Fifth graders in Nicole Moon’s class put together the song “So Good!” to celebrate their annual maple sap harvest. There was even a section for students to pull twangy notes out of jaw harps, which were provided by Maguire.
“Forty gallons of maple sap makes a gallon of ‘liquid gold’ — Slide your finger around the pan like sugar in a bowl — AND IT’S SO GOOD!” they sang.
The first grade classes invited listeners to go down to Pattison Park with their song.
“See the quiet deer at Pattison Park,” they sang softly.
“See the noisy birds at Pattison Park,” they sang with gusto.
“Learning Lots” was the theme of the second graders’ composition, while the third graders sang about the many birds they found “Outside My Window.”
One fourth grade class focused on “Kindness,” while the other found their inspiration down the road at the “Four Corners Store,” complete with a line about shop dog Odie
Every year, the Four Corners PTA funds a weeklong artist in residence program. The school has welcomed puppeteers, an author, a stamp artist and more.
“It turns out to be amazing every time,” said family engagement coordinator Ellen Chicka. “We’ve never been disappointed.”

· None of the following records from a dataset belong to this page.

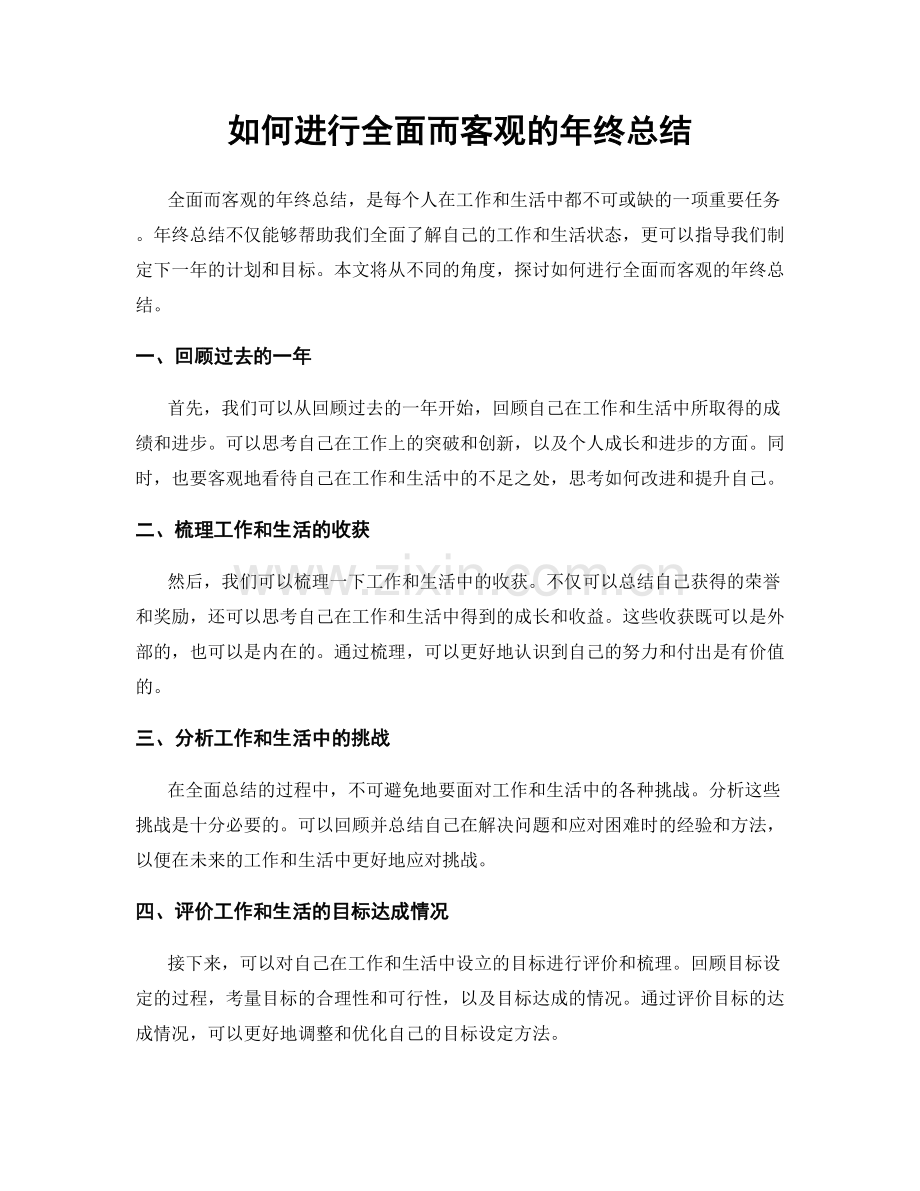 如何进行全面而客观的年终总结.docx_第1页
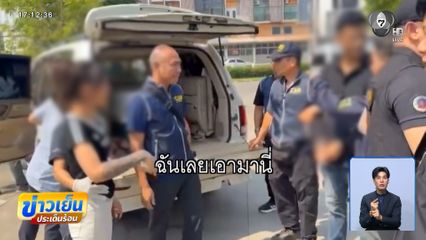 จับชาย-หญิงชาวเมียนมา ลอบค้าลูกเสือดำ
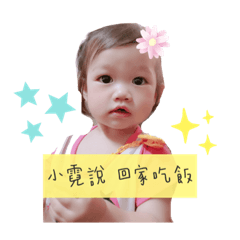 男哥生活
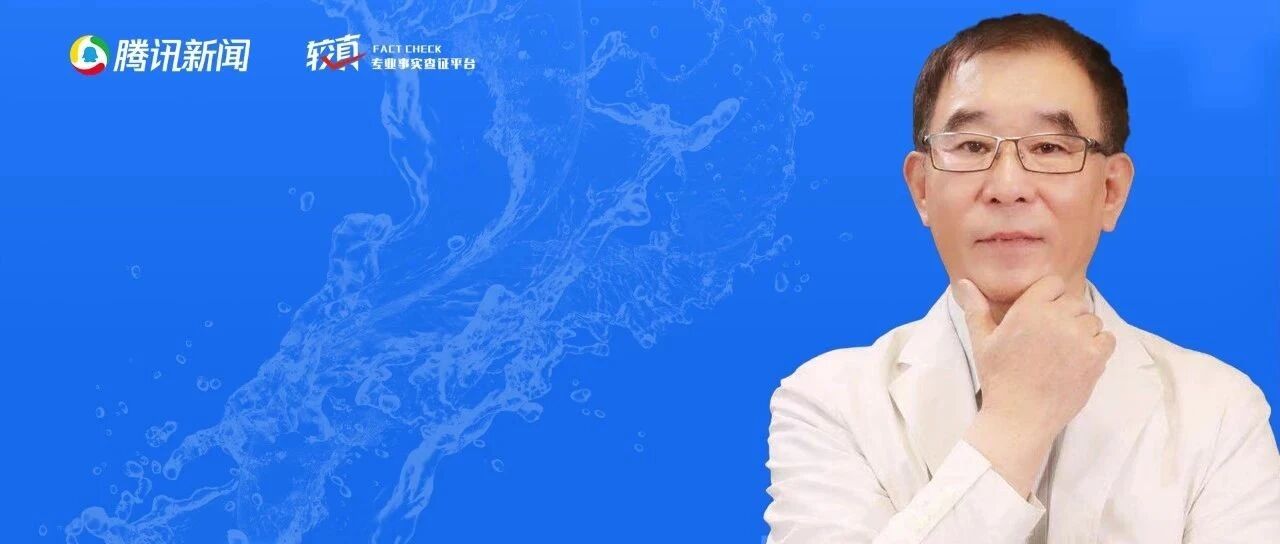 中国每分钟就有1个人猝死，心脏骤停后如何急救？专家教你抓住黄金4分钟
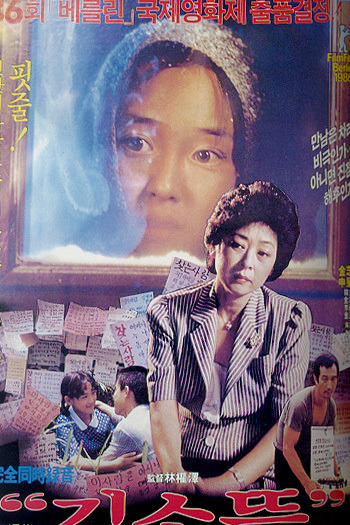 Poster de Filme Gilsoddeum (1986)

She called Maguire, who came to the school through the
nonprofit education organization COMPAS
, “fantastic.”
“He’s so engaging and really willing to work with the kids and, I mean, it’s been really enjoyable,” Chicka said.

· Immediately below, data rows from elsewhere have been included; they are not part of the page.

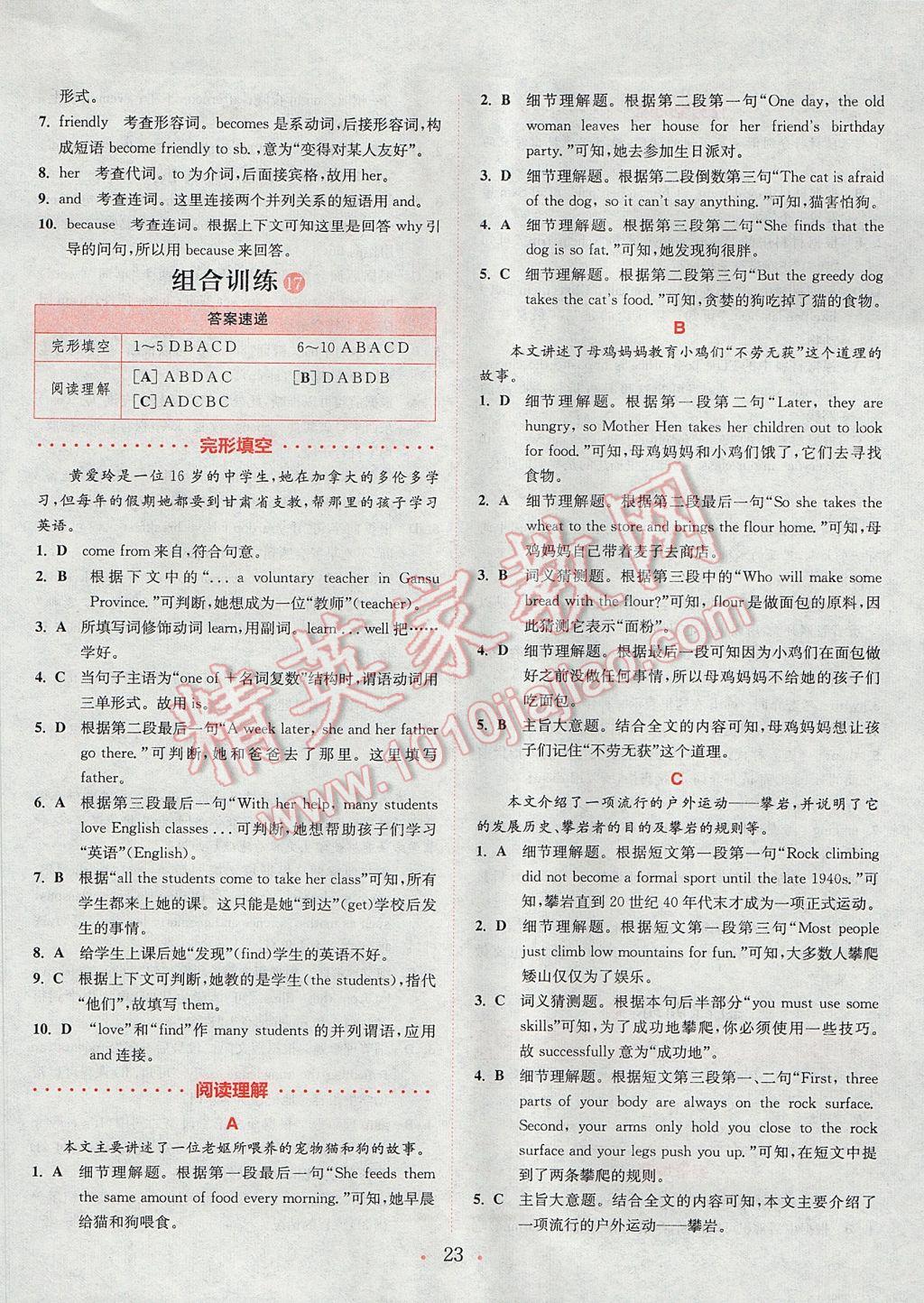 2017年通城學(xué)典初中英語(yǔ)閱讀組合訓(xùn)練七年級(jí)上冊(cè)浙江專(zhuān)版 參考答案第23頁(yè)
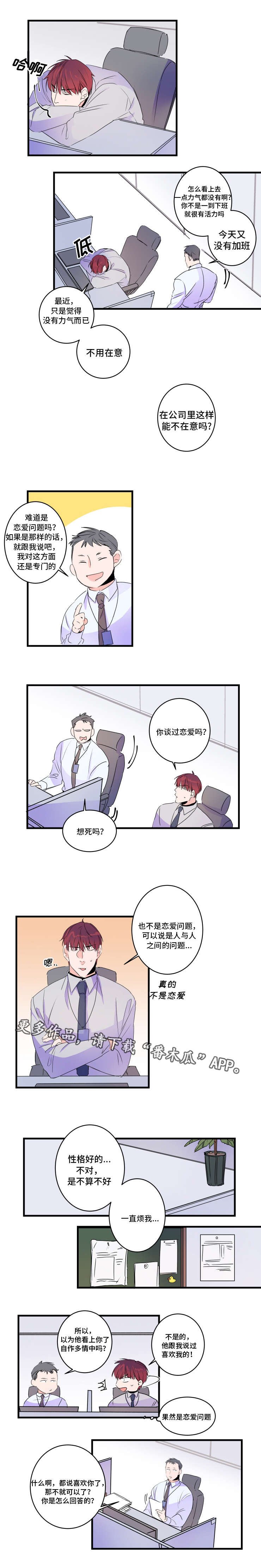 第50章：要谈恋爱吗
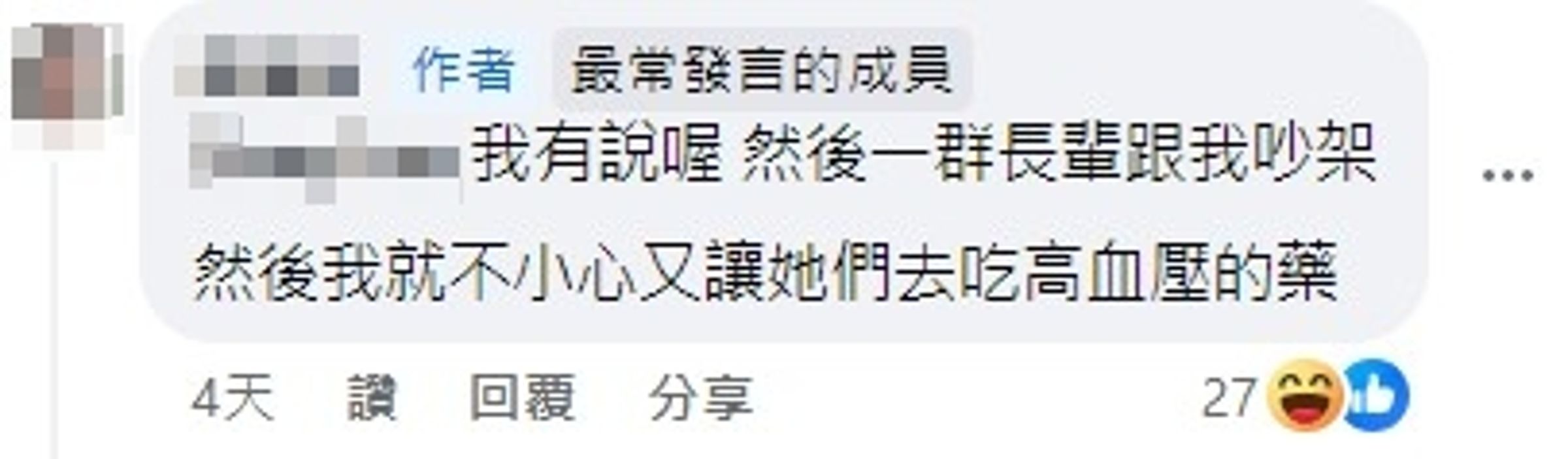 原po透露，她和一群大媽直接吵了起來。（翻攝自爆怨2公社）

Maguire, who graduated from Northland College in Ashland and currently lives in the Twin Cities, was just as impressed with Four Corners.
“Coming from the cities, to have a school that has their own maple trees — their own sugar bush as Ms. Moon said — plus their own place to cook it … that’s pretty incredible to see. Not to mention the 55 acres of trails that they have here, too. I mean, man oh man, sign me up,” said Maguire, who spent some of his down time “trout typing” with a manual typewriter in addition to a fly fishing rod on the Brule River.
“At least I can take something home. I can take a little poem or a little thought, and that’s actually more than the average fly fisherman really, sometimes,” Maguire said.
Teachers brainstormed with students ahead of time to get ideas for what they wanted to write about. Then they worked with the musician to come up with the lyrics and craft the original songs.
“They learn how to put a song together,” said Maguire, who performed on “A Prairie Home Companion” for nine years. “And they realize that songwriting is real work. It’s a lot of fun, too, but these songs just don’t drop out of the sky.”
It’s a group project that involves research and finding the right words.
“I didn’t think when I first started doing this years ago that you could actually write songs out in the open like this. I’ve learned how to do it, and I’ve learned how to do it by saying every idea is good, but some fit a little better than others,” Maguire said.
On average, the musician visits four to six schools a year. He said he has given out jaw harps to at least 12,000 children.
The gift of music had an impact on the young songwriters. Chicka said many students have told her they asked for a harmonica for Christmas.
“I know we did a great thing when I hear that,” she said.